Problem requirements: In the listing that follows, locate the line containing "Quality Inn Thermopolis" and the line containing "Utazás a dédai". Retype exactly those two lines and every line between them, and nothing more.

Data:
*** Block opens ***
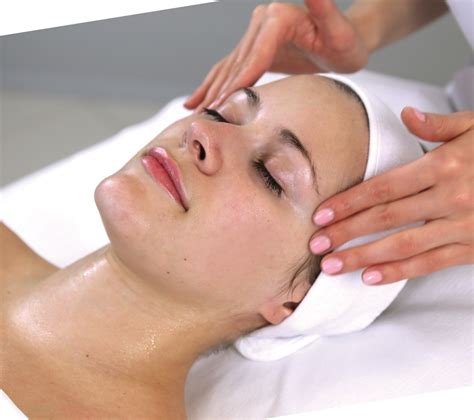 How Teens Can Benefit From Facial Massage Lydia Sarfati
*** Block closes ***
*** Block opens ***
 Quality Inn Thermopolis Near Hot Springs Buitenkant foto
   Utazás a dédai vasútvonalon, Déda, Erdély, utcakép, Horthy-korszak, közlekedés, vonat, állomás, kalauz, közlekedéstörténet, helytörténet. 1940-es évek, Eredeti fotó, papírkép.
*** Block closes ***
Written solution:
 Quality Inn Thermopolis Near Hot Springs Buitenkant foto
   Utazás a dédai vasútvonalon, Déda, Erdély, utcakép, Horthy-korszak, közlekedés, vonat, állomás, kalauz, közlekedéstörténet, helytörténet. 1940-es évek, Eredeti fotó, papírkép.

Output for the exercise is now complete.